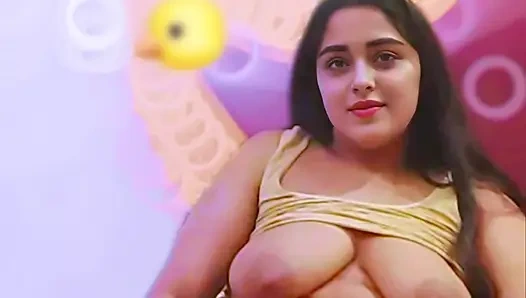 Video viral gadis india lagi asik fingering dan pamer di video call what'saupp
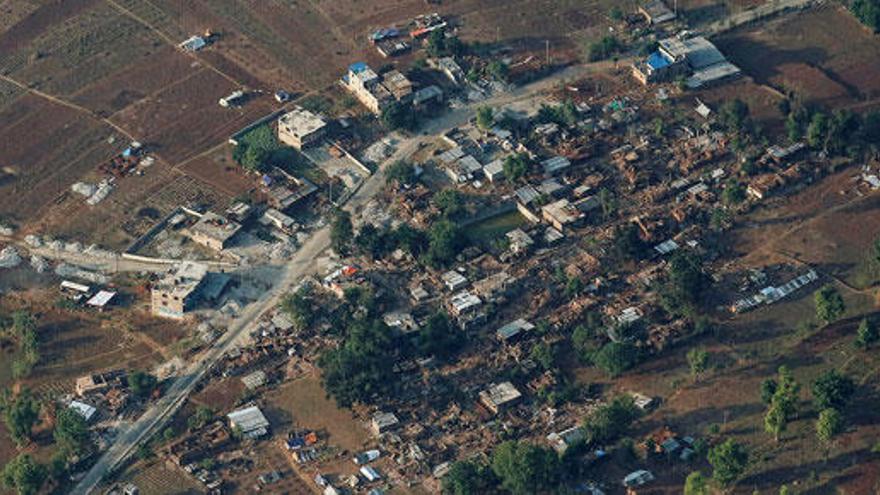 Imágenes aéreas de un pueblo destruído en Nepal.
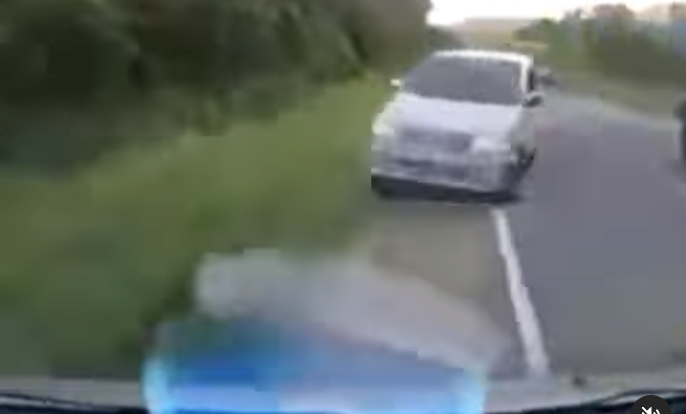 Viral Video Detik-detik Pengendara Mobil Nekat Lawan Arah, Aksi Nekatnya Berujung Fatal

...

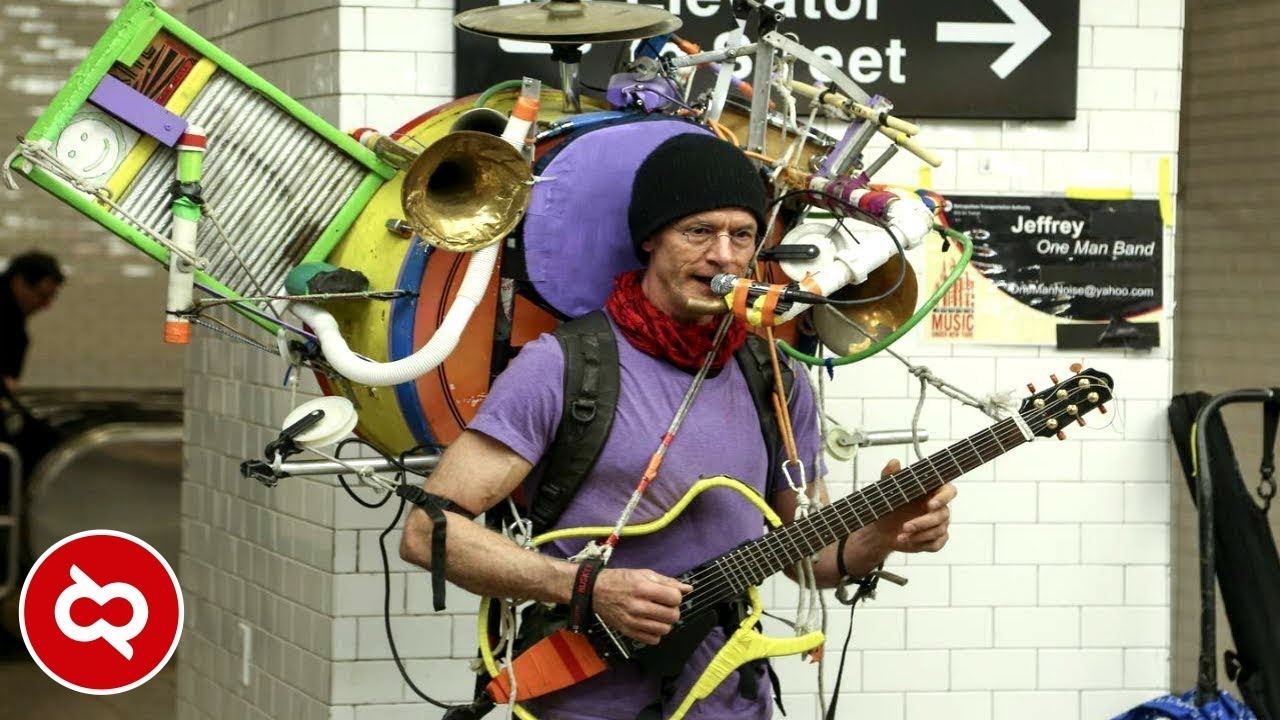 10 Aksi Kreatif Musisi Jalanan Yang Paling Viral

### To do
I'd like the lines above repeated exactly, from the one that contains "Video viral gadis" through the one that contains "Viral Video Detik-detik", with no pictures.

### Exercise response
 Video viral gadis india lagi asik fingering dan pamer di video call what'saupp
 Imágenes aéreas de un pueblo destruído en Nepal.
 Viral Video Detik-detik Pengendara Mobil Nekat Lawan Arah, Aksi Nekatnya Berujung Fatal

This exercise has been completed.